Público recomendado: +18

 

 

Si, por un imposible, el infierno fuera un lugar físico, y uno pudiera habitar una casa ante sus puertas, nadie duda de que se trataría de una experiencia aterradora. Incluso aunque los ojos no lo vieran, aunque fueran tan altos los muros de la finca que solo se alcanzase a ver una llamarada ocasional —o se la viera reflejarse en los vidrios de las ventanas— el oído sería suficiente para barruntar los alaridos de los condenados, la maldad de los demonios, el odio infinito. Aunque sobre las puertas del Abismo —lo dice Dante y hay que creerle— figura la inscripción «los que nos cruzáis, abandonad toda esperanza», cabe la duda razonable de si no se extendería la sentencia a una vida ante su umbral. Sea como fuere, no cualquiera podría habitar allí, ni aunque fuera —pongamos— una casa con piscina, próxima a un hermoso río; ni aunque se plantasen allí toda suerte de flores a las que les llegase aún la hermosura de Aquel que hace bellas todas las cosas, que «hace salir el sol sobre justos e injustos». A un metro del infierno, todavía alcanzaría allí Su mirada, aún sería posible, si se quisiese, imitar al mismísimo jardín del Edén. Pero ¿quién podría ser su inquilino?

En esta obra memorable que es La zona de interés, Jonathan Glazer da respuesta a la pregunta. Mucho se habla en las críticas del film sobre Hannah Arendt, la judía filósofa que afirmaba no serlo, y que planteó la tesis sobre la banalidad del mal en su libro «Eichmann en Jerusalén». En efecto, el relato que hizo Arendt sobre el proceso al artífice de la Endlösung —la aniquilación de todos los judíos que habitaban los dominios del Tercer Reich— decepcionó a muchos. Allá donde se hubiera esperado que Arendt hablase sobre personajes tremendamente malévolos, inteligencias retorcidas de sadismo patológico, personajes ávidos de sangre y crueldad a lo Hans Landa en Malditos bastardos (Inglorious Basterds, Quentin Tarantino, 2009), la pensadora emitió un juicio mucho más prosaico: Adolf Eichmann había sido un buen padre de familia, un marido razonable, un perfecto burócrata. Si el mal podía ser banal, debía poderse encarnar en las ojeras de un ciudadano corriente. Como lo era también Rudolf Höss (Christian Friedl), que le leía por la noche a sus hijas Hänsl y Gretel hasta que se dormían; como lo era su mujer Hedwig (terrible y gloriosa Sandra Hüller), solícita matriarca que trata de construir su nido con vistas a los barracones de Auschwitz. No vale la pena incidir en lo que ya han comentado otros. El film de Glazer se estudiará en las escuelas de cine por llevar hasta el extremo la definición que hiciera el teórico del cine Michel Chion del oído como «el órgano del miedo». Posiblemente desde El exorcista (The Exorcist, William Friedkin, 1973) nadie había hecho un uso tan innovador y maldito, tan consecuente, de los ruidos llamados acusmáticos, aquellos que infunden pavor porque no se sabe de dónde proceden. Pero esta habilidad formal, tan llamativa, no es en absoluto gratuita, es parte de la respuesta a la pregunta de arriba. ¿Quién podría escuchar, día y noche, los gritos, los disparos, los cascos de los caballos del otro lado del muro, y no volverse loco?
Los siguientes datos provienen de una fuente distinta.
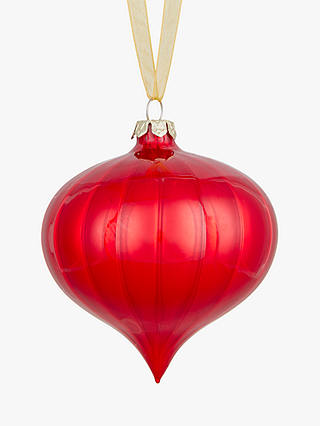 John Lewis & Partners Ruby Striped Onion Finial Bauble, Red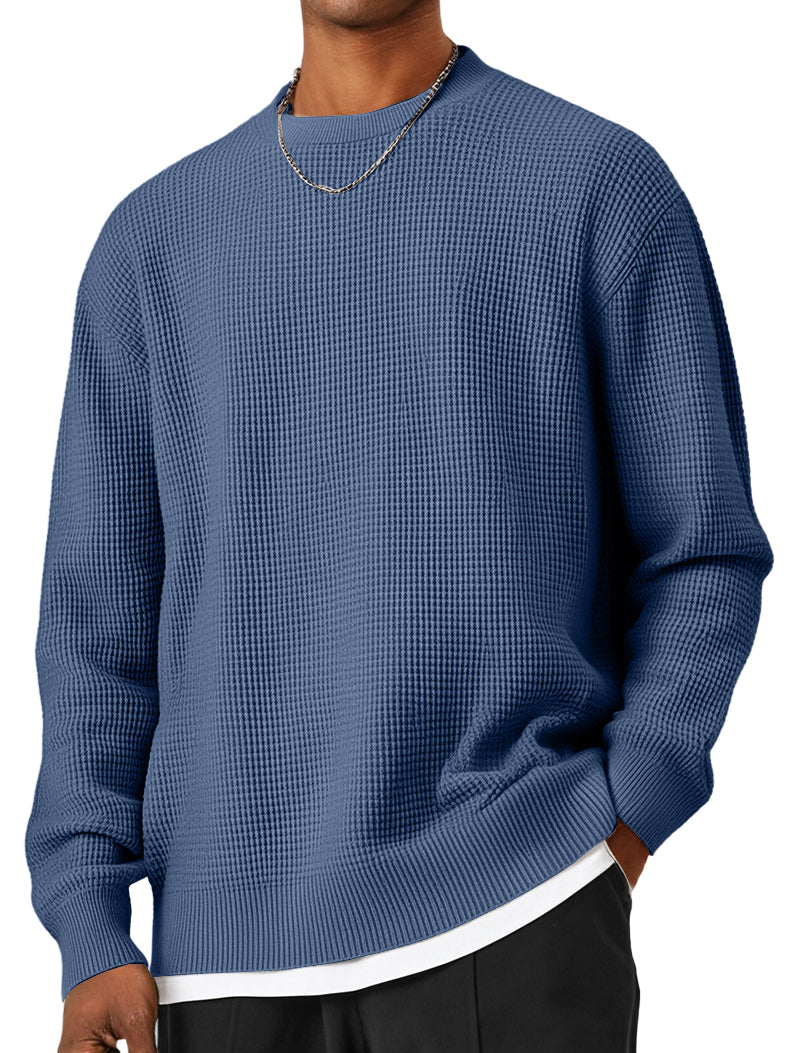 Men's Round Neck Waffle Patterned Loose Fitting Knit Sweater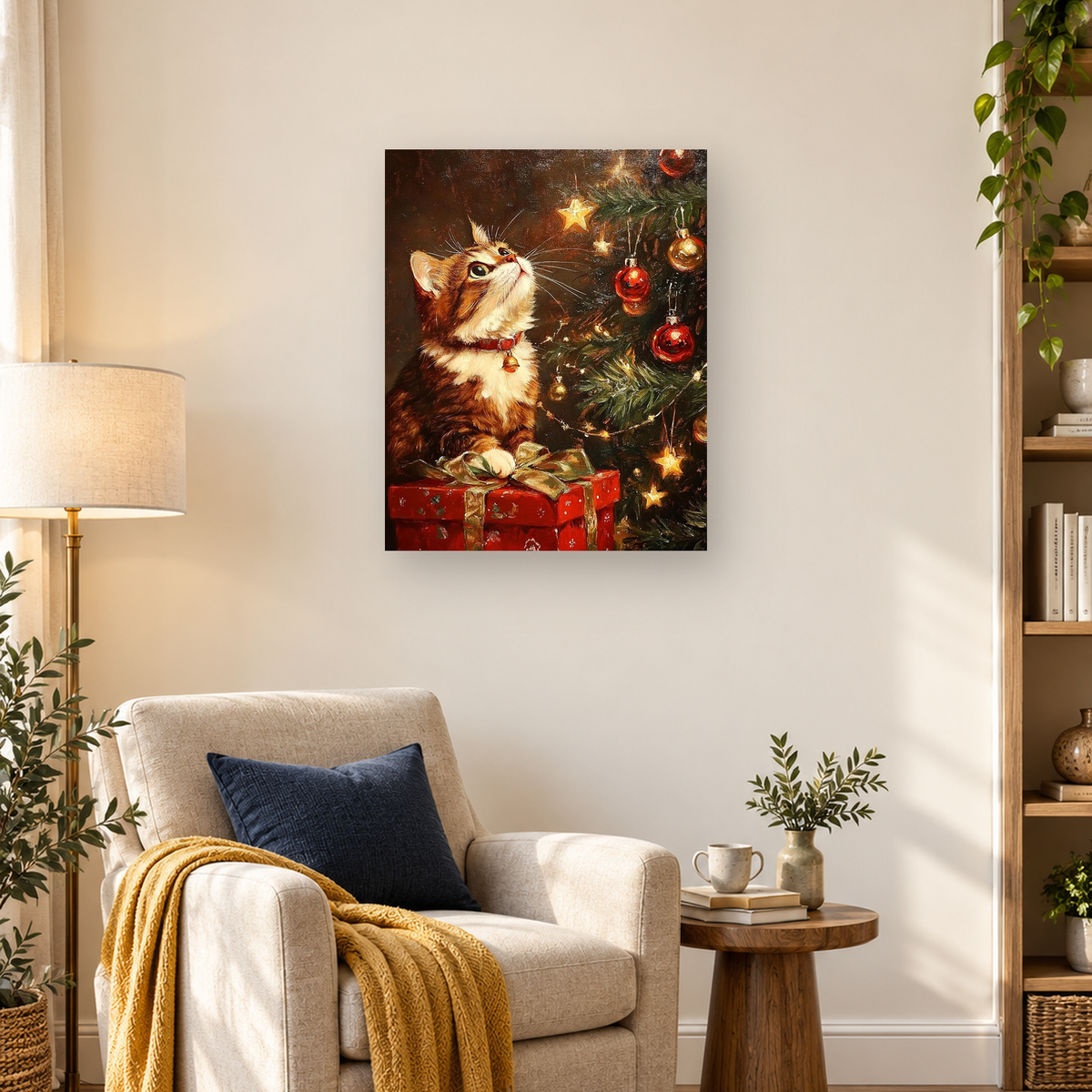 Ginger-and-white cat with a bell collar looks up beside a decorated Christmas tree and red presents.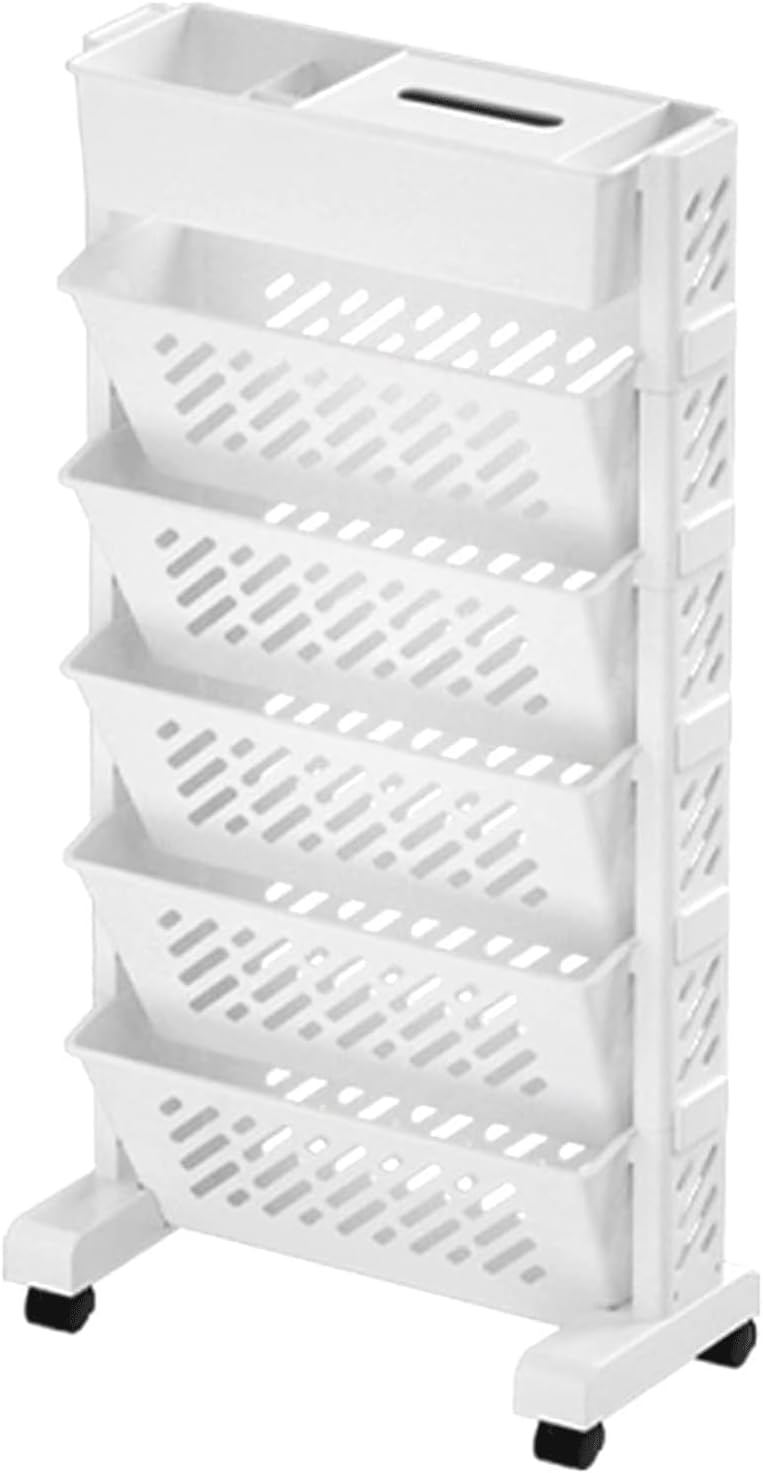 Book cartStorage Cart Slim Rolling Cart Movable Storage Book Shelves Dual Side Usable Document Folder File Storage Cart for Office Home Use ()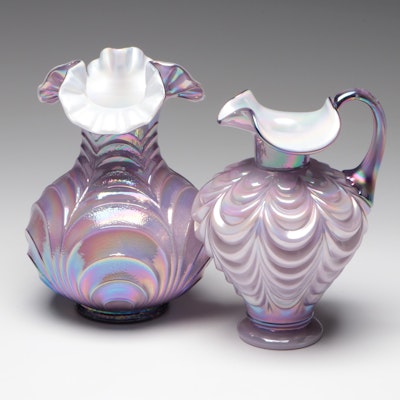 Fenton "Drapery" 95th Anniversary Iridescent Lavender Glass Vase and Pitcher
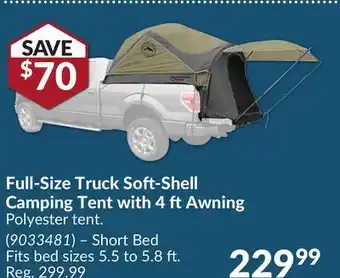 Princess Auto Full-size truck soft-shell camping tent offer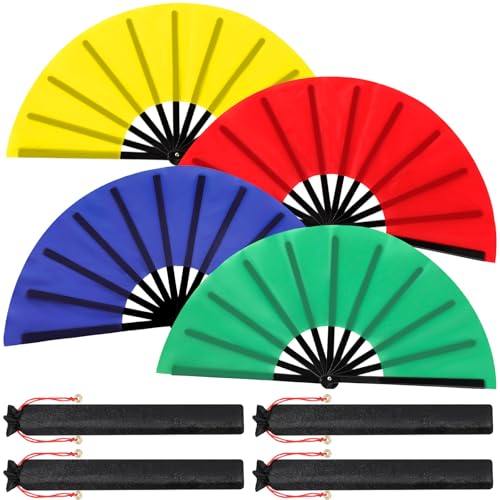 4 Packs Large Folding Hand Fans (Red,yellow,green and Blue)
La respuesta que querríamos darnos es: quien ya lo estuviera. La que da Arendt en otro libro suyo, mejor aún y menos célebre que el anterior —«Sobre el mal»— es mucho más demoledora: usted y yo, a no ser que vivamos el día a día con una esforzada conciencia de quiénes somos. Afirma Arendt que quienes no fueron conniventes con el régimen de Hitler no fueron aquellos que sabían que eso no se debía hacer. Todos lo sabían. Fueron quienes, sencillamente, no pudieron hacerlo, porque hubiera sido superior a sus fuerzas entrar internamente en aquel inframundo. Sobreponerse a la banalidad del mal no es un asunto de cabeza ni de razonamientos: es un tema puramente afectivo. No entraron al juego solo quienes fueron incapaces de no ver en el otro una dignidad más grande que la vida, aunque el mundo entero gritara en contra. Es en este punto, por cierto, donde Glazer deviene especialmente espinoso: a través de una mirilla hacia la que parece estar mirando Höss cuando fija sus ojos sobre la cámara, se ve a las solícitas limpiadoras de Auschwitz en la actualidad; bruñendo los hornos crematorios, sacando lustre a las galerías, barriendo la zona de las duchas, pasando la aspiradora por delante de los trajes, las maletas, los zapatos de quienes allí perecieron. La banalidad del mal, que nos hace acostumbrarnos a él, requiere, sobre todo, de un corazón anestesiado. No me interpreten mal, no me refiero (ni se refiere Glazer) al de las empleadas del campo devenido museo; sería, de nuevo una respuesta demasiado fácil, porque apunta a otros cuando es uno el interpelado.

Uno de los efectos portentosos de La zona de interés es conseguir que no se mueva una mosca en la sala tras los créditos finales; hacer que el espectador salga cabizbajo a pesar del film fascinante que ha visionado, interrogándose sobre lo que acaba de presenciar. Tratando acaso de hallar un resquicio a la esperanza a lo largo del metraje. Lo hay. Son las arcadas de Rudolf Höss tras una gélida llamada telefónica con su esposa. A pesar de todas las cosas, estamos bien hechos. Y no hay mal que nos pueda desheredar de ello.